I want to write a predicate called where that takes 2 arguments to perform the calculation. The formula I have in mind is that the first country is worth 3 points, the second one is worth 2 points, and the last one is worth 1 point.

Here's an example of what I'm trying to achieve.

?- where([marie,jean,sasha,helena,emma],Country). 
peru .

So far I have this

where([], X).
where([H|T], N) :- choice(H, [A|B]), where(T,N).

It lets me iterate through all the different friends and shows their choices but I can't iterate through the list of choices and assign points to the destinations.

How should I go about iterating through the list of choices for each friend and assigning points to calculate the best destination?

Upvotes: 0

Views: 228

Answers (2)

Guy Coder
Guy Coder

Reputation: 24996

While this will solve your problem, I know it uses many predicates that you have not seen. So think of this an opportunity to excel and learn a lot.

Even if you don't understand it all, there is enough detail and intermediate results in the test that you should be able to navigate your way to a proper solution you create.

Also this is by no means efficient, it was just a quick proof of concept I did to see how this could be done.

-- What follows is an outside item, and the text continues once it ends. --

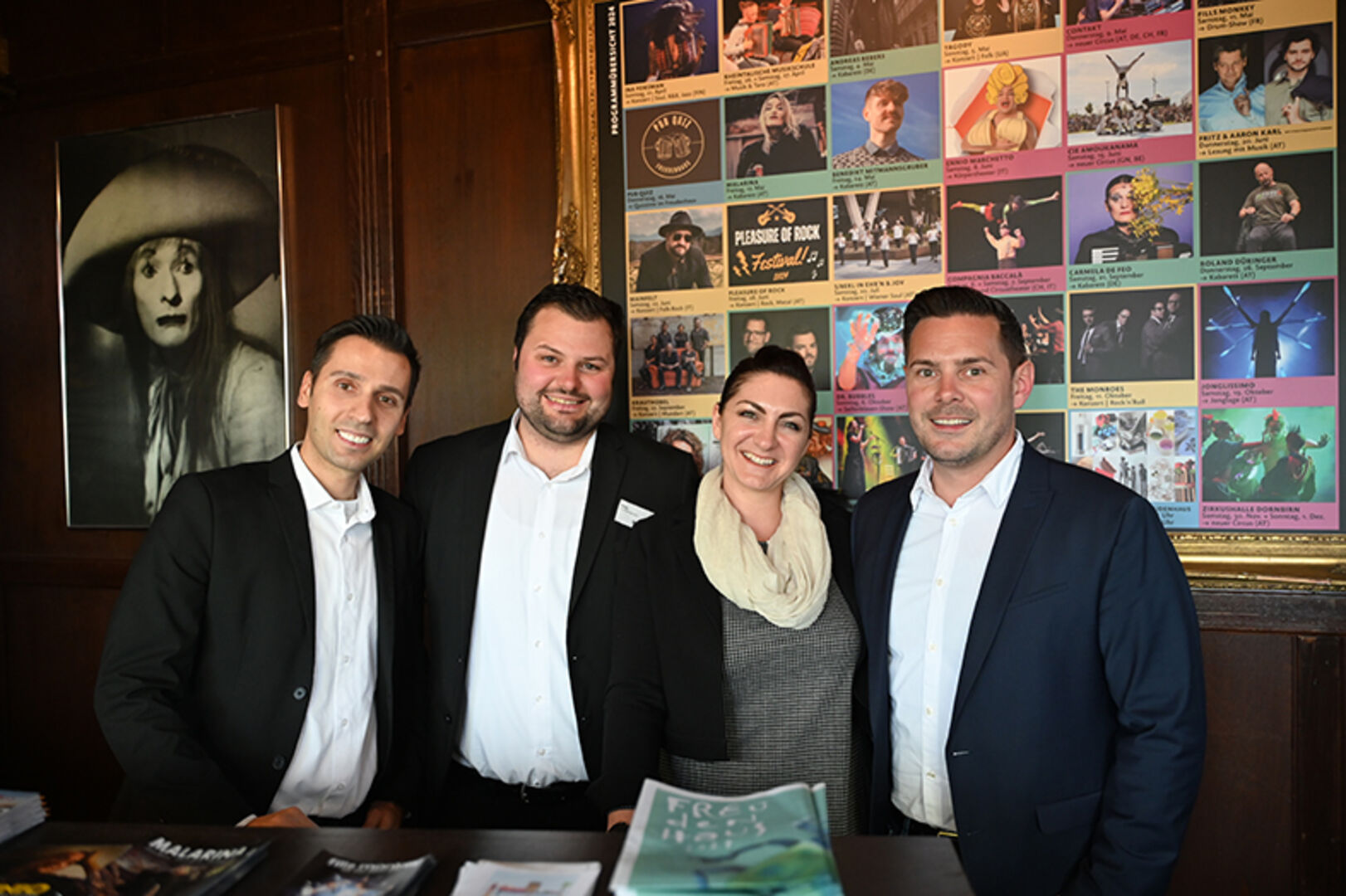 GF Christian Stadler  (MO Catering Eventservice GmbH), Philipp Thaler (Veranstaltungsleiter),  Kerstin Lantzsch (MO Human Resources) und GF Marco Geser (GF MO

choice(marie, [peru,greece,vietnam]).
choice(jean, [greece,peru,vietnam]).
choice(sasha, [vietnam,peru,greece]).
choice(helena,[peru,vietnam,greece]).
choice(emma, [greece,peru,vietnam]).

destinations(Destinations) :-
    findall(D1,choice(_,D1),D2),
    flatten(D2,D3),
    list_to_set(D3,Destinations).

init_weights(Destinations,Weights) :-
    empty_assoc(Assoc),
    init_weights(Destinations,Assoc,Weights).

init_weights([],Weights,Weights).
init_weights([H|T],Assoc0,Weights) :-
    put_assoc(H,Assoc0,0,Assoc1),
    init_weights(T,Assoc1,Weights).

update_weights([C1,C2,C3],Weights0,Weights) :-
    del_assoc(C1,Weights0,Value0,Weights1),
    Value1 is Value0 + 3,
    put_assoc(C1,Weights1,Value1,Weights2),
    del_assoc(C2,Weights2,Value2,Weights3),
    Value3 is Value2 + 2,
    put_assoc(C2,Weights3,Value3,Weights4),
    del_assoc(C3,Weights4,Value4,Weights5),
    Value5 is Value4 + 1,
    put_assoc(C3,Weights5,Value5,Weights).

person_weight(Person,Weights0,Weights) :-
    choice(Person,[C1,C2,C3]),
    update_weights([C1,C2,C3],Weights0,Weights).

people(People) :-
    findall(Person,choice(Person,_),People).

choice(Destination) :-
    destinations(Destinations),
    init_weights(Destinations,Weights0),
    people(People),
    update_choices(People,Weights0,Weights1),
    cross_ref_assoc(Weights1,Weights),
    max_assoc(Weights, _, Destination),
    true.

cross_ref_assoc(Assoc0,Assoc) :-
    assoc_to_list(Assoc0,List0),
    maplist(key_reverse,List0,List),
    list_to_assoc(List,Assoc).

key_reverse(Key-Value,Value-Key).

update_choices([],Weights,Weights).
update_choices([Person|People],Weights0,Weights) :-
    person_weight(Person,Weights0,Weights1),
    update_choices(People,Weights1,Weights).

Tests

:- begin_tests(destination).

test(destinations) :-
    destinations([peru, greece, vietnam]).

test(init_weights) :-
    destinations(Destinations),
    init_weights(Destinations,Weights),
    assoc_to_list(Weights,[greece-0, peru-0, vietnam-0]).

test(update_weights) :-
    destinations(Destinations),
    init_weights(Destinations,Weights0),
    update_weights([peru,greece,vietnam],Weights0,Weights),
    assoc_to_list(Weights,[greece-2,peru-3,vietnam-1]).

test(person_weight) :-
    destinations(Destinations),
    init_weights(Destinations,Weights0),
    person_weight(jean,Weights0,Weights),
    assoc_to_list(Weights,[greece-3,peru-2,vietnam-1]).

test(people) :-
    people([marie,jean,sasha,helena,emma]).

test(update_choices) :-
    destinations(Destinations),
    init_weights(Destinations,Weights0),
    people(People),
    update_choices(People,Weights0,Weights),
    assoc_to_list(Weights,[greece-10,peru-12,vietnam-8]).

test(cross_ref_assoc) :-
    List0 = [1-a,2-b,3-c],
    list_to_assoc(List0,Assoc0),
    cross_ref_assoc(Assoc0,Assoc),
    assoc_to_list(Assoc,[a-1,b-2,c-3]).

test(choice) :-
    choice(peru).

:- end_tests(destination).

Upvotes: 2

CapelliC
CapelliC

Reputation: 60034

As suggested by GuyCoder, you need an accumulator to sum each person preferences, and foldl/N allows to does exactly this.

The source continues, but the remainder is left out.